Contestant le refus d'extrader Julian Assange, les Etats-Unis ont cherché à mercredi à rassurer la justice britannique quant au traitement qui serait réservé au fondateur de Wikileaks s'il était remis à Washington. L'audience est prévue jusqu'à jeudi.
Poursuivi pour une fuite massive de documents classifiés américains, l'Australien de 50 ans risque 175 ans de prison aux Etats-Unis dans une affaire dénoncée par ses soutiens comme une dangereuse attaque contre la liberté de la presse.
Les Etats-Unis espèrent convaincre la Haute-Cour de Londres d'annuler la décision rendue en janvier dernier par Vanessa Baraitser. La magistrate avait rejeté la demande américaine d'extradition, avançant un risque de suicide.
Assurances américaines
Au premier jour des débats, l'avocat représentant le gouvernement américain, James Lewis, a assuré que Julian Assange ne présentait «aucun antécédent de maladie mentale grave et durable», affirmant que même les experts mandatés par sa défense ne le trouvaient que «modérément déprimé».
Il a affirmé que l'Australien avait «toutes les raisons d'exagérer ses symptômes» et mis en garde contre une décision reposant sur des prédictions faites dans une «boule de cristal» concernant son sort en cas d'extradition.
L'avocat a insisté sur les assurances données par Washington : d'une part, Julian Assange recevrait les soins psychologiques nécessaires, d'autre part il ne serait ni soumis à des mesures spéciales, ni détenu dans le redouté centre pénitentiaire de très haute sécurité ADX Florence, dans le Colorado, surnommé l'"Alcatraz des Rocheuses».
La défense de Julian Assange a répliqué que ces assurances n'empêchaient pas qu'il soit incarcéré dans un établissement similaire et répété que les États-Unis ne disposaient d'aucune «base fiable» pour revenir sur le refus d'extradition.
Assange en visioconférence
M. Assange participe à l'audience en visioconférence depuis la prison de haute sécurité de Belmarsh, à l'est de Londres, où il est détenu depuis deux ans et demi après sept ans de réclusion à l'ambassade d'Equateur à Londres.
La justice britannique a accepté d'examiner l'appel américain notamment parce que la fiabilité d'un expert qui avait témoigné en faveur d'Assange a été mise en cause. Le psychiatre Michael Kopelman avait en effet reconnu avoir trompé la justice en «dissimulant» le fait que son client était devenu père de deux enfants alors qu'il était cloîtré à l'ambassade d'Equateur à Londres.
Derniers recours
Après les deux jours d'audiences, la décision sera mise en délibéré à plusieurs semaines. Cet appel constitue un des derniers recours pour Washington, qui, en cas de nouvelle défaite, n'aurait plus comme possibilité que de saisir la Cour suprême britannique, sans garantie que celle-ci accepte.

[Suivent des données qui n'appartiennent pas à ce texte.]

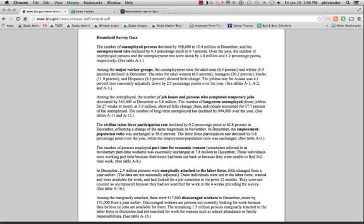The number of unemployed persons declined by 490,000 to 10.4 million in December, and the unemployment rate declined by 0.3 percentage points to 6.7%. But the total number of unemployed persons dropped by roughly 500,000 people — how can that be when we only added 74,000 jobs?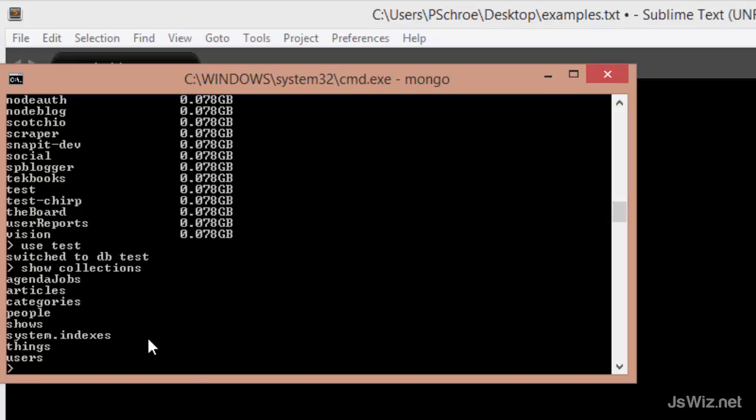System.indexes gets created automatically. All these others are collections that I've created either within the shell or by creating a schema. The schema, which we'll talk a lot about, is a representation of the collection and it will constitute key-value pairs.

Si Washington obtenait gain de cause, l'affaire serait pour autant loin d'être terminée: elle serait alors renvoyée devant un tribunal amené à trancher de nouveau.
«Très maigre»
L'enjeu est de savoir si la justice britannique «va extrader un journaliste vers le pays qui a comploté pour l'assassiner», a estimé avant l'audience Stella Moris, la compagne de Julian Assange, «très inquiète» après l'avoir vu «très maigre» en prison samedi.
«J'espère que la cour va mettre fin à ce cauchemar», a-t-elle déclaré devant plusieurs dizaines de partisans de l'Australien rassemblés devant la Haute Cour de Londres. Julian Assange est soutenu par nombre d'organisations de défense de la liberté de la presse.
«Il n'a rien fait de mal du point de vue légal, éthique ou moral», a estimé Sadia Koknie, 40 ans, interrogée par l'AFP devant la Haute Cour. «Il a été incarcéré dans des conditions répugnantes. (...) Il ne devrait pas être là».
Julian Assange est poursuivi pour avoir diffusé, à partir de 2010, plus de 700'000 documents classifiés sur les activités militaires et diplomatiques américaines, notamment en Irak et en Afghanistan.
Il a été arrêté par la police britannique en avril 2019 après avoir passé sept ans reclus à l'ambassade d'Equateur à Londres, où il s'était réfugié alors qu'il était en liberté sous caution. Il craignait une extradition vers les États-Unis ou la Suède, où il a fait l'objet de poursuites pour viol, depuis abandonnées.
Poursuites maintenues
Julian Assange se trouve sous le coup de poursuites lancées sous la présidence de Donald Trump. Sous son prédécesseur Barack Obama, qui avait Joe Biden pour vice-président, la justice américaine avait renoncé à poursuivre le fondateur de WikiLeaks.
Mais l'élection de Joe Biden à la Maison-Blanche n'a pas apporté l'abandon des poursuites espéré par les soutiens de Julian Assange.